Of course, the erstwhile Voice of the West came roaring back with
an aggressive folo a “Chronicle News Services” brief, rewritten from the FT, (cough, cough) two days later. Sigh Here’s the thing: It’s a swell and exemplary idea for Hearst to re-educate its troops about how to deliver the news digitally and on different platforms; but if there’s less substance to deliver, what’s the point?
Once upon a time, there were fax machines. Nice work by John Hrabe over at CalNewsroom, unearthing “Schnur Shots,” a snarky newsletter produced by Secretary of State wannabe Dan Schnur in a previous incarnation, back when he was still a humble mud wrestler and before he’d reinvented himself as an earnest and high-minded political reformer. Kudos, too, to Hrabe for his determination to treat Schnur like any other candidate, avoiding the yuck-yuck, back-slapping coverage of other ink-slingers who’ve leaned on Schnur as a deadline quote machine for decades.
Aqua Pura putter: No less a figure than the (all rise) Environmental Programs Director of the Golf Course Superintendent Association of America estimates that an 18-hole course on average needs about 20 million gallons of water a year. Which means that the two California desert courses that President Obama played over three days last weekend – Sunnylands in Palm Springs and Larry Ellison’s private, Porcupine Creek playground in Rancho Mirage – annually consume enough water to supply a family of four for more than 80 years.

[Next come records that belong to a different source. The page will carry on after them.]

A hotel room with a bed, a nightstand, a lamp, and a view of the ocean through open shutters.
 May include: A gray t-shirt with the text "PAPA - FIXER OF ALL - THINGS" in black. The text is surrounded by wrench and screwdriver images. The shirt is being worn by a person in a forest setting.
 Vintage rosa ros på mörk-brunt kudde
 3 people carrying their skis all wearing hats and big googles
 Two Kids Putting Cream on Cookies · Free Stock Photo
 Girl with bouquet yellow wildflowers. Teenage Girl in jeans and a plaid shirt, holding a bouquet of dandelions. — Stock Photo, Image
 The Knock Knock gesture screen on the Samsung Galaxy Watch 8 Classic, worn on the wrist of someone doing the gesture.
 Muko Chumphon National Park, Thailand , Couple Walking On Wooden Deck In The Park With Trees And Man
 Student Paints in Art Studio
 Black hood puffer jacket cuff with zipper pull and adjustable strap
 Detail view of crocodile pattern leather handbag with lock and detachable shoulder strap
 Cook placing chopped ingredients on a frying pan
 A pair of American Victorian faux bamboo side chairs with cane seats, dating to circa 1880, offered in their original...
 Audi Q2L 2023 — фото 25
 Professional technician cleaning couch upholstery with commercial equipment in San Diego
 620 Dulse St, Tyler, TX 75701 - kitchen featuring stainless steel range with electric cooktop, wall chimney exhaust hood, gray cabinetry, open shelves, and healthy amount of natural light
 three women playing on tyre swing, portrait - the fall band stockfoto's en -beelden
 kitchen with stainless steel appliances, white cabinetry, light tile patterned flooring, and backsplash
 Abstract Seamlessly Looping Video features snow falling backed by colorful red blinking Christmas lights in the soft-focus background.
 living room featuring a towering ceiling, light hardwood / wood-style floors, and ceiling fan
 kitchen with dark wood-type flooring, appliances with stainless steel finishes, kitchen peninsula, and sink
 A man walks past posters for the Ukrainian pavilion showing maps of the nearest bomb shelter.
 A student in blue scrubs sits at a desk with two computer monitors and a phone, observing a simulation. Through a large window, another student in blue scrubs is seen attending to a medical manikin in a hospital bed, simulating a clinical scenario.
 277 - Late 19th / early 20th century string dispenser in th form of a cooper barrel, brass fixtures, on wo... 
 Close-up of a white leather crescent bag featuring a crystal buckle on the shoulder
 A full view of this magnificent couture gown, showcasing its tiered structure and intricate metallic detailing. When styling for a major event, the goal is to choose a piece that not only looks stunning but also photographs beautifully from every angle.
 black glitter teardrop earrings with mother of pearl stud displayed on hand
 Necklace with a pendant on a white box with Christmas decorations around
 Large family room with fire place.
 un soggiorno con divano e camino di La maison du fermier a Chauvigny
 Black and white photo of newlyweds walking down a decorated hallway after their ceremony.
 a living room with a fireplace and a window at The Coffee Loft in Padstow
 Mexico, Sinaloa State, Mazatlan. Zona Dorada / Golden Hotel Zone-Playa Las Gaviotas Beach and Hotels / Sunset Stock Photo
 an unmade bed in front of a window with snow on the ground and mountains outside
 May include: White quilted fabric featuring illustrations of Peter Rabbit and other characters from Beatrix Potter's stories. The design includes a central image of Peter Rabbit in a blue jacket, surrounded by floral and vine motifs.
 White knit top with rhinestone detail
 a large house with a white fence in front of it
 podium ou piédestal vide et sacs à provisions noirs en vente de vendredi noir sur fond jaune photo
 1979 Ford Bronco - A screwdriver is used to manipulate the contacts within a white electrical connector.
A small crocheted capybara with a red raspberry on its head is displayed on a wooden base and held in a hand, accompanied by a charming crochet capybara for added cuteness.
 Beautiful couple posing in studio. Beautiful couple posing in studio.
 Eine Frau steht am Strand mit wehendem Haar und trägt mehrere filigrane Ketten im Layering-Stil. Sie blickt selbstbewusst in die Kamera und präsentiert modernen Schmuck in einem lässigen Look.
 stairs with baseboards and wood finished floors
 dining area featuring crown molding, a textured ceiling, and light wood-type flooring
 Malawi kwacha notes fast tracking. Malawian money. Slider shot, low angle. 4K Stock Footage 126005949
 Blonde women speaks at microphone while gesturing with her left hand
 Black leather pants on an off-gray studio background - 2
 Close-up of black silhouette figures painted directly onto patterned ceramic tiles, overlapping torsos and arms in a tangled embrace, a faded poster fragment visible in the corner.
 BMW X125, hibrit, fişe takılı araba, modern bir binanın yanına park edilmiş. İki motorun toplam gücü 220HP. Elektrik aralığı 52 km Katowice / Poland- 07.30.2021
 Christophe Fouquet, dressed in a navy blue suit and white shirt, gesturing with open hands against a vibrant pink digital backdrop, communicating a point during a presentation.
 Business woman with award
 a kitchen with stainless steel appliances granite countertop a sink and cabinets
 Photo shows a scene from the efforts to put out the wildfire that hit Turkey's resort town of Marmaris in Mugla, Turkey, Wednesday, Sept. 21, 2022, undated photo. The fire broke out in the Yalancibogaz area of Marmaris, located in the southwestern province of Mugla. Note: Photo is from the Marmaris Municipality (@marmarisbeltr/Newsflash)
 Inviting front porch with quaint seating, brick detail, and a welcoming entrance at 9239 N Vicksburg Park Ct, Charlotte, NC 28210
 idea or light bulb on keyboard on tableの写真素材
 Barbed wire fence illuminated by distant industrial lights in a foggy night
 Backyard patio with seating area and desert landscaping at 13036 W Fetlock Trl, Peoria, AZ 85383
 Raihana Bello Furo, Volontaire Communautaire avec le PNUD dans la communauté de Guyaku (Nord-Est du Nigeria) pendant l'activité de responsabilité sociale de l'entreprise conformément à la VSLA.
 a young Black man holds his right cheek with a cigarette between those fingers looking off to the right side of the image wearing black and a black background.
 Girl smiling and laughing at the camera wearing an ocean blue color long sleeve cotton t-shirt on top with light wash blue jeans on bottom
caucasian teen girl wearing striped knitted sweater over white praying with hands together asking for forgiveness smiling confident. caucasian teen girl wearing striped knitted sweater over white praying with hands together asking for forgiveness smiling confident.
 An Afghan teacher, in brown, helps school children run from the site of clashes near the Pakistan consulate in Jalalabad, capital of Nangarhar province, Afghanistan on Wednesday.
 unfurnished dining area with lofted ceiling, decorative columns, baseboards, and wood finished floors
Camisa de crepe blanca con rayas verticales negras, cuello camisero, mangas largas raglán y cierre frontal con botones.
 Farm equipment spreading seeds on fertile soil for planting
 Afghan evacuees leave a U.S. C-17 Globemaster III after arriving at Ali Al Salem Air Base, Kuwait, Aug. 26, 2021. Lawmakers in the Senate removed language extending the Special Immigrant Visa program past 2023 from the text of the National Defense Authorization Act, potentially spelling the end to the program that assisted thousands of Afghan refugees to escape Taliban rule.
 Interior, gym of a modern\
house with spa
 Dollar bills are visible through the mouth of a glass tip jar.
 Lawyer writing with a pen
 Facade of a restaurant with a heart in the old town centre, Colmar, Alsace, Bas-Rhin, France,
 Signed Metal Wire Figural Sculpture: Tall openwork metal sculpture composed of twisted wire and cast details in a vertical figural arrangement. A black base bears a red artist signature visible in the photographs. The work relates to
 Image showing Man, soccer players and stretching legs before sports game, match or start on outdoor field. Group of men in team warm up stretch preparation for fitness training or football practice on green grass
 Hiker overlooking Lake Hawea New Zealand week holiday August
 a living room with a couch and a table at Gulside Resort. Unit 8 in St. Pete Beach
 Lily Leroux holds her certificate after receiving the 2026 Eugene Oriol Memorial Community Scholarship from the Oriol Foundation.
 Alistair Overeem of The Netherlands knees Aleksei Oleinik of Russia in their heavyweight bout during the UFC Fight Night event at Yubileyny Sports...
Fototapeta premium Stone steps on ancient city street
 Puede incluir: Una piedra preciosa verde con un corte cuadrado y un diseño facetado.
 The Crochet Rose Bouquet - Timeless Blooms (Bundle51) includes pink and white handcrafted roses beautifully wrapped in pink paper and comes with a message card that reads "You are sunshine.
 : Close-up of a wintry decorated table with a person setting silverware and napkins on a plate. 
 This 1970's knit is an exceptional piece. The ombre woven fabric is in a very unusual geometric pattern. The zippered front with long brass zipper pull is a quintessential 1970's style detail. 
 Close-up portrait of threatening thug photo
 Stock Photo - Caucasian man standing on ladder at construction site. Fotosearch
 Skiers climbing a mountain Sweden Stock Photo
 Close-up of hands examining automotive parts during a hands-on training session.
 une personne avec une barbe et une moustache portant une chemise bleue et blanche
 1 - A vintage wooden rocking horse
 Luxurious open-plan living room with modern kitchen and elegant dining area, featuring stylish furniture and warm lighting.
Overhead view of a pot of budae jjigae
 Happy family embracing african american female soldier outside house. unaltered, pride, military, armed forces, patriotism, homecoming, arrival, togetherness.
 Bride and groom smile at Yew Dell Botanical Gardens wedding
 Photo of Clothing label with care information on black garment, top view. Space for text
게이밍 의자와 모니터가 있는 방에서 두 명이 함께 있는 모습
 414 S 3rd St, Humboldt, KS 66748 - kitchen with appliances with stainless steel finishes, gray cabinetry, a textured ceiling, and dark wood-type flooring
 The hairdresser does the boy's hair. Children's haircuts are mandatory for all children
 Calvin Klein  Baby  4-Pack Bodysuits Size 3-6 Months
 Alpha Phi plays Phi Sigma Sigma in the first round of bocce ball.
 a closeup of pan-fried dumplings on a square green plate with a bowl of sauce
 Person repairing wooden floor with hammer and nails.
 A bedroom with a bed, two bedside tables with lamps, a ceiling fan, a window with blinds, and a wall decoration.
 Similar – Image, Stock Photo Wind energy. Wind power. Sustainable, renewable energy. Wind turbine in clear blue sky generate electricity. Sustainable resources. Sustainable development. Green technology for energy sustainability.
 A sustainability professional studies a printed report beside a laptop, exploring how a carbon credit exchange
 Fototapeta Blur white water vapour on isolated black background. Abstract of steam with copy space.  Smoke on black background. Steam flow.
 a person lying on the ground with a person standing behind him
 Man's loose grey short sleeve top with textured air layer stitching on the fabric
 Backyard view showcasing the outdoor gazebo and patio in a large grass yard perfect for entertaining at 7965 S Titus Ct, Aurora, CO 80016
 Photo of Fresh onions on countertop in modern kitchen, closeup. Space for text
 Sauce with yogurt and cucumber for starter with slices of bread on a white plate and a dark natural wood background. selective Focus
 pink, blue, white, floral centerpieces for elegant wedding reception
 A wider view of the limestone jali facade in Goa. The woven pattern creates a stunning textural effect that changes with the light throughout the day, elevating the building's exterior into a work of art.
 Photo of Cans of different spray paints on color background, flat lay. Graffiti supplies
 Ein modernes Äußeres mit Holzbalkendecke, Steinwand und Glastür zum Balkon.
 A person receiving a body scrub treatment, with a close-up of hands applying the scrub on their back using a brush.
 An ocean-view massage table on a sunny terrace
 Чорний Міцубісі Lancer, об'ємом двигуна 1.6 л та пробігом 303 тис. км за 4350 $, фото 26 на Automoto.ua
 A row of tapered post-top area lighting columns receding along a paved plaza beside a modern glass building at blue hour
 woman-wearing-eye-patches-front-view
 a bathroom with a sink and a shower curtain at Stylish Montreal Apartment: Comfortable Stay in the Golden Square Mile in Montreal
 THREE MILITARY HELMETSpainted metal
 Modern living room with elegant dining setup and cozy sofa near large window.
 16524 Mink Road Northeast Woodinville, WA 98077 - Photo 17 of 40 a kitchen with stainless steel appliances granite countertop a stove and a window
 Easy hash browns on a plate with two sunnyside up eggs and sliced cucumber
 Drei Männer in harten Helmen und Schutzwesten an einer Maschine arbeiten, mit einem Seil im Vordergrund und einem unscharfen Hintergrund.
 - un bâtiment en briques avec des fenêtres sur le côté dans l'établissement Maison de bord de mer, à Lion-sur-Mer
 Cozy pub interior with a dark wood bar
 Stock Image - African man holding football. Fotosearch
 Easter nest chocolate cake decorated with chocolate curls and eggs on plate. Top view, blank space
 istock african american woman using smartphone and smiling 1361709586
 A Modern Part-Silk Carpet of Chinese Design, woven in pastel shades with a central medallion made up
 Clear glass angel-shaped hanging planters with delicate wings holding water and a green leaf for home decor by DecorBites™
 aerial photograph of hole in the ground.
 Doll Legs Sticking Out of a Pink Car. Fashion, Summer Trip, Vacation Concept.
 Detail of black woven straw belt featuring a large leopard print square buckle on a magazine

This after Obama parachuted in Fresno for a few hours to roll up his sleeves and strike his best pose, gazing across some farmer’s cracked and bone-dry fallowed fields. Also: drought platitudes.
“Water has been seen as a zero-sum game: agriculture against urban, north against south,” he said. “We’re going to have to figure out how to play a different game…We can’t afford years of litigation and no real action.”
Now why didn’t we think of that?
“Now, water politics in California traditionally, I know, has been pretty easy,” Obama said, going for and getting a cheap laugh at a photo-op during his brief Fresno stop. “And I told the Governor I’m not going to wade into this because I want to get out of here alive on Valentine’s Day.”
Ha, ha, ha.
Difi drone update: Still no word from official agencies, five weeks after Senator Difi’s formal testimony about an astonishing personal confrontation with a manned drone she said crashed to earth. Now, at least, comes another independent-minded politico to make clear he understands the dread of being tracked by one of the flying buggers.
Ex wrestler and Minnesota gov Jesse Ventura told CNBC that he’s living at “an undisclosed location” in Mexico to avoid exactly the kind of airborne harassment that was aimed at our senior Senator.
“I’m off the grid. I move about with my TV show so that the drones can’t find me and you won’t know exactly where I am.”